I recently read a review in Time Magazine about a book that sounds very interesting. It is called In Everything Bad Is Good for You: How Today’s Popular Culture Is Actually Making Us Smarter and was written by Stephen Johnson.
Here is some food for thought from the review:
“First, we should clarify what Johnson means by “good.” Unlike many critics of media–especially media aimed at kids–Johnson is not using the term in its moral or social sense. He’s not arguing whether reality TV humiliates people, video games promote violence or movies glorify sex. Instead he wants to know whether it gives the brain a good “cognitive workout.” For Johnson, pop culture is like algebra class. Whether you remember the quadratic equation as an adult is less important than whether you learned the analytic thought processes that solving equations teaches. Likewise, for Johnson, what matters about pop culture is not its message but whether it forces you to engage in complex thought, analysis and reasoning.

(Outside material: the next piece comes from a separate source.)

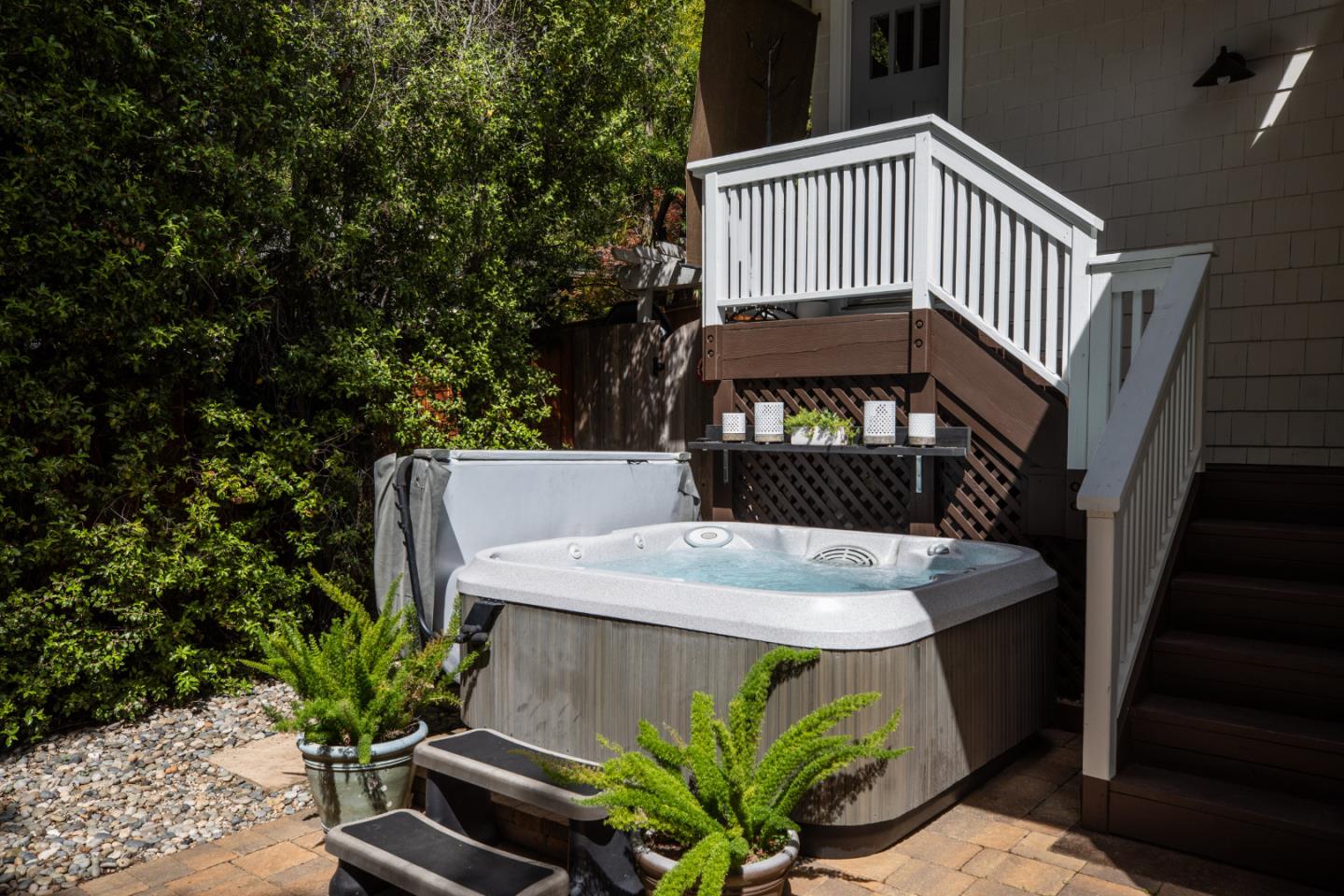 Detail Gallery Image 25 of 31 For 63 Ridgecourt, Woodside,  CA 94062 - 3 Beds | 2/1 Baths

His conclusion: it does, and shockingly well, an impression that struck him one rainy day when he taught his nephew, 7, the video game SimCity and soon found the kid making suggestions about industrial tax rates. Video games, Johnson notes, impel us to learn because playing them means not just following rules but also discovering what the rules are. And these rules can be staggeringly complicated. Johnson unpacks the nested objectives of just one segment of a Zelda video game with enough detail to bury the canard that it is “passive” entertainment.”
It is an interesting thought to consider and something that I wouldn’t dismiss out of hand. I am probably going to buy the book and see for myself what it says.